Names only for annotation project

Hi,

I am new to Prodigy and haven't fully figured out the paradigm.
For a project, I would like to manually annotate names from texts. My team has developed our own model to recognize the names, so I only want to use the annotated texts as a golden standard for our model.

To do so, I have a csv file texts.csv with the text in one of the columns. Do I need to convert this file into a json, or can I also run Prodigy on the csv file?

Also, what is the code that I need to run to start the ner_manual with this dataset?

I suppose, I have to start with:

!python -m prodigy ner.manual

However, it is unclear to me how I should run the rest. Can someone help me with this?

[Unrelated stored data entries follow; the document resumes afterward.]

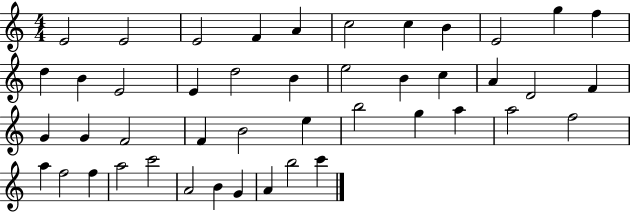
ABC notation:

X:1
T:Untitled
M:4/4
L:1/4
K:C
E2 E2 E2 F A c2 c B E2 g f d B E2 E d2 B e2 B c A D2 F G G F2 F B2 e b2 g a a2 f2 a f2 f a2 c'2 A2 B G A b2 c' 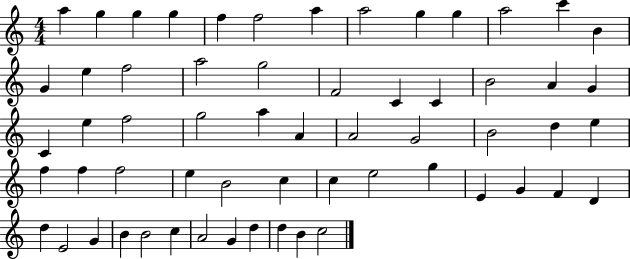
{
  \clef treble
  \numericTimeSignature
  \time 4/4
  \key c \major
  a''4 g''4 g''4 g''4 | f''4 f''2 a''4 | a''2 g''4 g''4 | a''2 c'''4 b'4 | \break g'4 e''4 f''2 | a''2 g''2 | f'2 c'4 c'4 | b'2 a'4 g'4 | \break c'4 e''4 f''2 | g''2 a''4 a'4 | a'2 g'2 | b'2 d''4 e''4 | \break f''4 f''4 f''2 | e''4 b'2 c''4 | c''4 e''2 g''4 | e'4 g'4 f'4 d'4 | \break d''4 e'2 g'4 | b'4 b'2 c''4 | a'2 g'4 d''4 | d''4 b'4 c''2 | \break \bar "|."
} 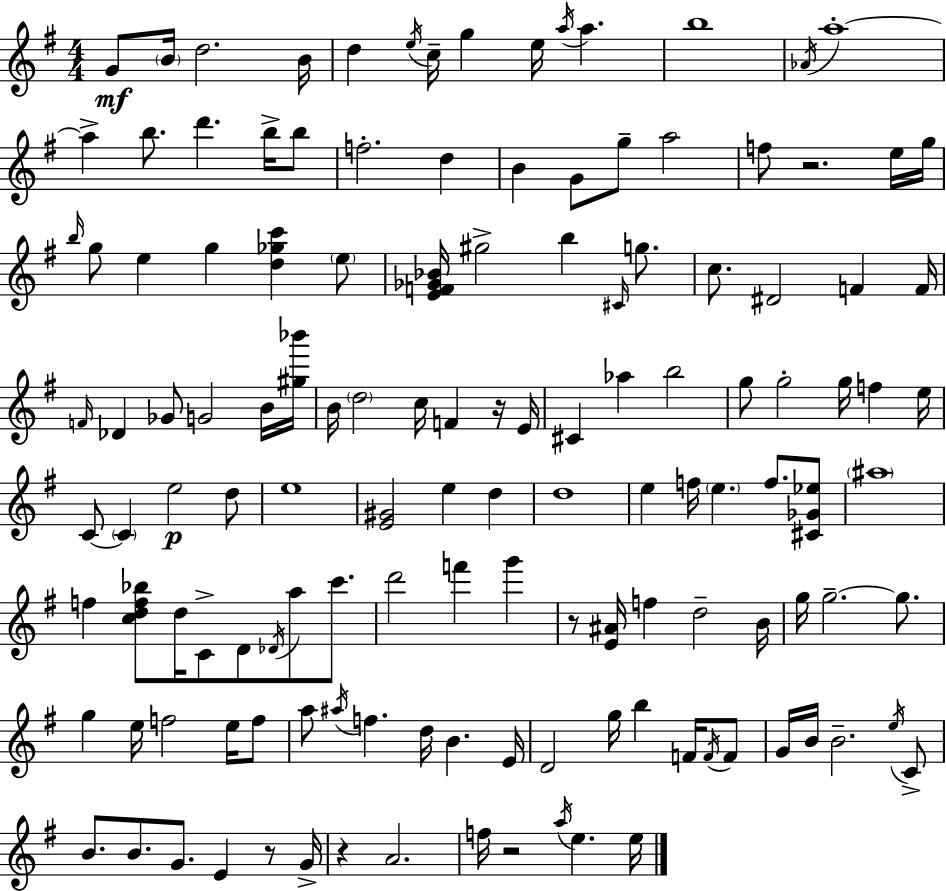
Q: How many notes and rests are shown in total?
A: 133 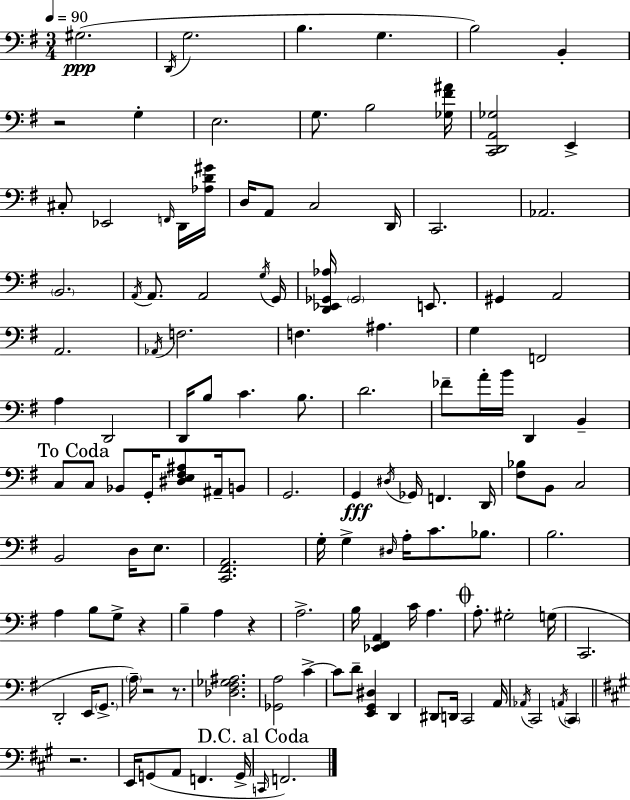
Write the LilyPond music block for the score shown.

{
  \clef bass
  \numericTimeSignature
  \time 3/4
  \key e \minor
  \tempo 4 = 90
  gis2.(\ppp | \acciaccatura { d,16 } g2. | b4. g4. | b2) b,4-. | \break r2 g4-. | e2. | g8. b2 | <ges fis' ais'>16 <c, d, a, ges>2 e,4-> | \break cis8-. ees,2 \grace { f,16 } | d,16 <aes d' gis'>16 d16 a,8 c2 | d,16 c,2. | aes,2. | \break \parenthesize b,2. | \acciaccatura { a,16 } a,8. a,2 | \acciaccatura { g16 } g,16 <d, ees, ges, aes>16 \parenthesize ges,2 | e,8. gis,4 a,2 | \break a,2. | \acciaccatura { aes,16 } f2. | f4. ais4. | g4 f,2 | \break a4 d,2 | d,16 b8 c'4. | b8. d'2. | fes'8-- a'16-. b'16 d,4 | \break b,4-- \mark "To Coda" c8 c8 bes,8 g,16-. | <dis e fis ais>8 ais,16-- b,8 g,2. | g,4\fff \acciaccatura { dis16 } ges,16 f,4. | d,16 <fis bes>8 b,8 c2 | \break b,2 | d16 e8. <c, fis, a,>2. | g16-. g4-> \grace { dis16 } | a16-. c'8. bes8. b2. | \break a4 b8 | g8-> r4 b4-- a4 | r4 a2.-> | b16 <ees, fis, a,>4 | \break c'16 a4. \mark \markup { \musicglyph "scripts.coda" } a8.-. gis2-. | g16( c,2. | d,2-. | e,16 \parenthesize g,8.-> \parenthesize a16--) r2 | \break r8. <des fis ges ais>2. | <ges, a>2 | c'4->~~ c'8 d'8-- <e, g, dis>4 | d,4 dis,8 d,16 c,2 | \break a,16 \acciaccatura { aes,16 } c,2 | \acciaccatura { a,16 } \parenthesize c,4 \bar "||" \break \key a \major r2. | e,16 g,8( a,8 f,4. g,16-> | \mark "D.C. al Coda" \grace { c,16 }) f,2. | \bar "|."
} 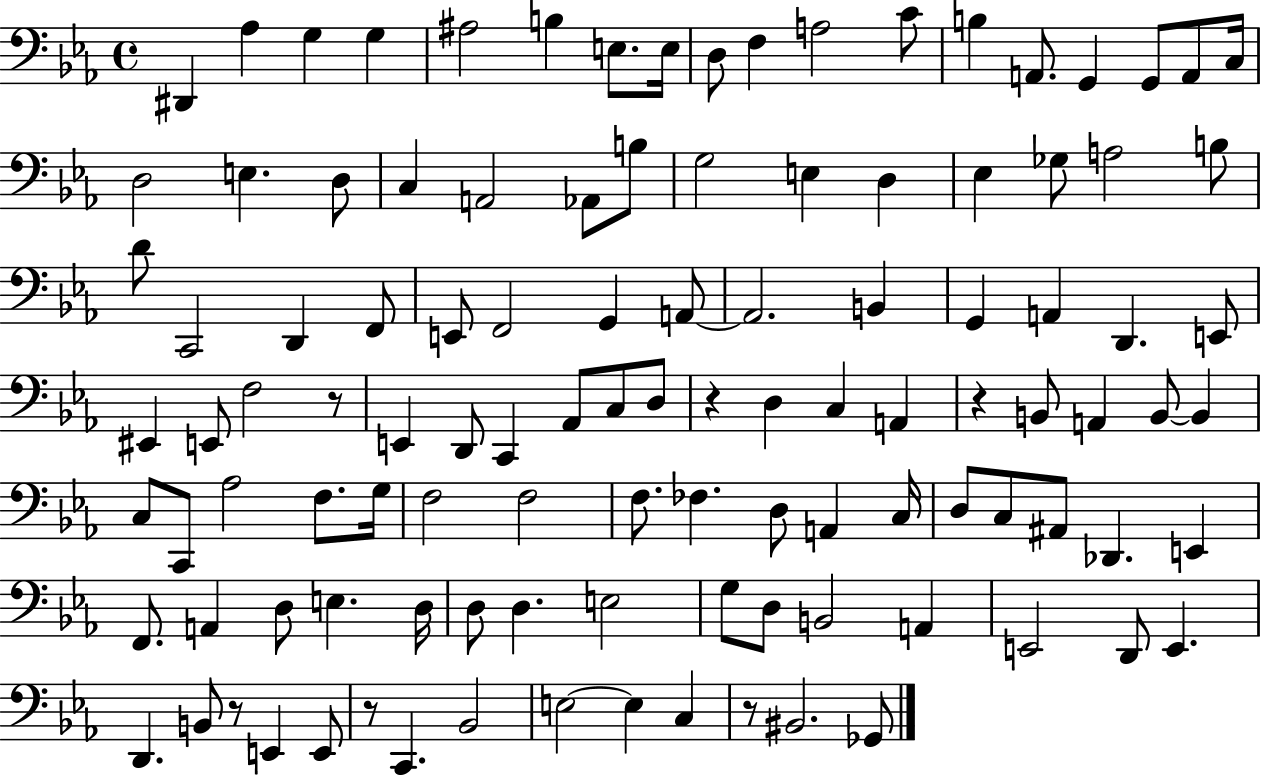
{
  \clef bass
  \time 4/4
  \defaultTimeSignature
  \key ees \major
  dis,4 aes4 g4 g4 | ais2 b4 e8. e16 | d8 f4 a2 c'8 | b4 a,8. g,4 g,8 a,8 c16 | \break d2 e4. d8 | c4 a,2 aes,8 b8 | g2 e4 d4 | ees4 ges8 a2 b8 | \break d'8 c,2 d,4 f,8 | e,8 f,2 g,4 a,8~~ | a,2. b,4 | g,4 a,4 d,4. e,8 | \break eis,4 e,8 f2 r8 | e,4 d,8 c,4 aes,8 c8 d8 | r4 d4 c4 a,4 | r4 b,8 a,4 b,8~~ b,4 | \break c8 c,8 aes2 f8. g16 | f2 f2 | f8. fes4. d8 a,4 c16 | d8 c8 ais,8 des,4. e,4 | \break f,8. a,4 d8 e4. d16 | d8 d4. e2 | g8 d8 b,2 a,4 | e,2 d,8 e,4. | \break d,4. b,8 r8 e,4 e,8 | r8 c,4. bes,2 | e2~~ e4 c4 | r8 bis,2. ges,8 | \break \bar "|."
} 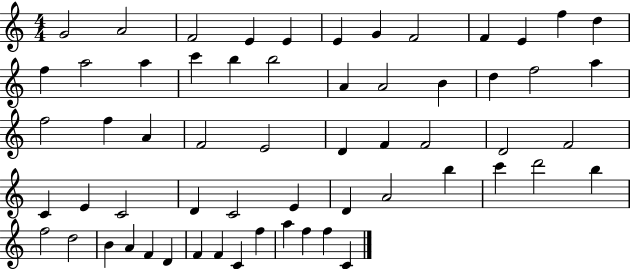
X:1
T:Untitled
M:4/4
L:1/4
K:C
G2 A2 F2 E E E G F2 F E f d f a2 a c' b b2 A A2 B d f2 a f2 f A F2 E2 D F F2 D2 F2 C E C2 D C2 E D A2 b c' d'2 b f2 d2 B A F D F F C f a f f C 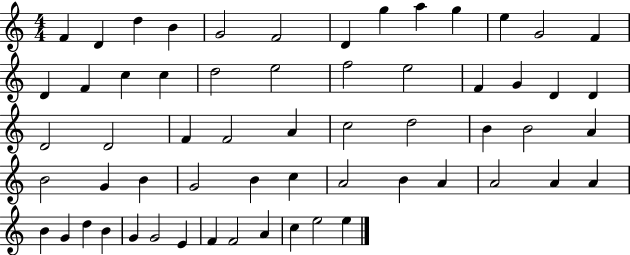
{
  \clef treble
  \numericTimeSignature
  \time 4/4
  \key c \major
  f'4 d'4 d''4 b'4 | g'2 f'2 | d'4 g''4 a''4 g''4 | e''4 g'2 f'4 | \break d'4 f'4 c''4 c''4 | d''2 e''2 | f''2 e''2 | f'4 g'4 d'4 d'4 | \break d'2 d'2 | f'4 f'2 a'4 | c''2 d''2 | b'4 b'2 a'4 | \break b'2 g'4 b'4 | g'2 b'4 c''4 | a'2 b'4 a'4 | a'2 a'4 a'4 | \break b'4 g'4 d''4 b'4 | g'4 g'2 e'4 | f'4 f'2 a'4 | c''4 e''2 e''4 | \break \bar "|."
} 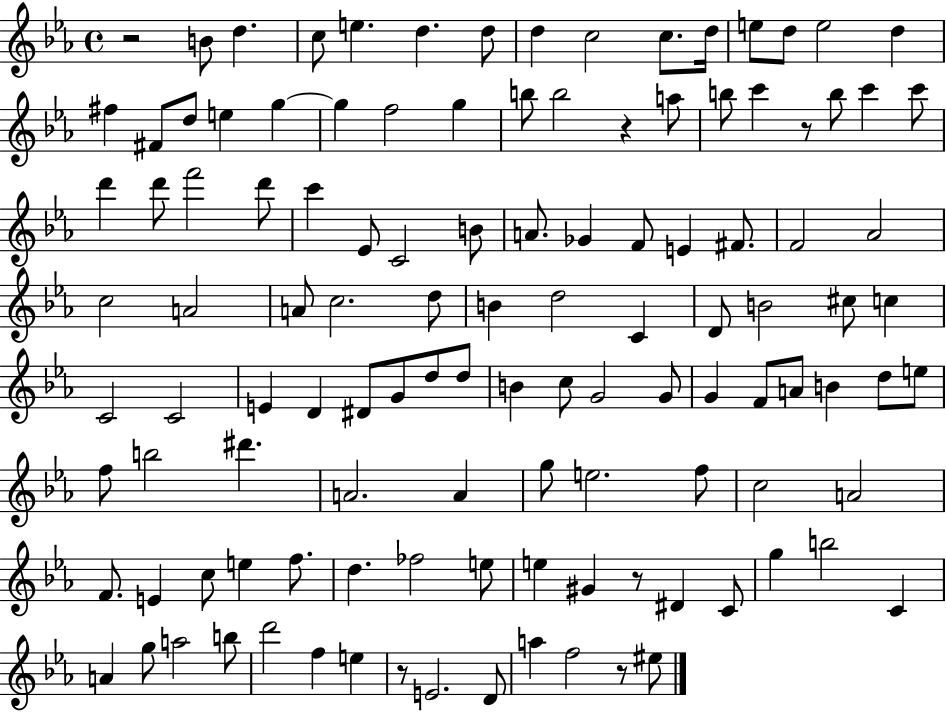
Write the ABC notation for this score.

X:1
T:Untitled
M:4/4
L:1/4
K:Eb
z2 B/2 d c/2 e d d/2 d c2 c/2 d/4 e/2 d/2 e2 d ^f ^F/2 d/2 e g g f2 g b/2 b2 z a/2 b/2 c' z/2 b/2 c' c'/2 d' d'/2 f'2 d'/2 c' _E/2 C2 B/2 A/2 _G F/2 E ^F/2 F2 _A2 c2 A2 A/2 c2 d/2 B d2 C D/2 B2 ^c/2 c C2 C2 E D ^D/2 G/2 d/2 d/2 B c/2 G2 G/2 G F/2 A/2 B d/2 e/2 f/2 b2 ^d' A2 A g/2 e2 f/2 c2 A2 F/2 E c/2 e f/2 d _f2 e/2 e ^G z/2 ^D C/2 g b2 C A g/2 a2 b/2 d'2 f e z/2 E2 D/2 a f2 z/2 ^e/2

Hi! In case you haven't seen it, you might find the "First steps" guide helpful: Prodigy 101 – everything you need to know · Prodigy · An annotation tool for AI, Machine Learning & NLP It shows an example of a manual NER annotation workflow and walks you through the different steps and explains the concepts. You can copy-paste the ner.manual command from there and adjust the arguments for your use case – for example, the path to your texts and the labels you want to use.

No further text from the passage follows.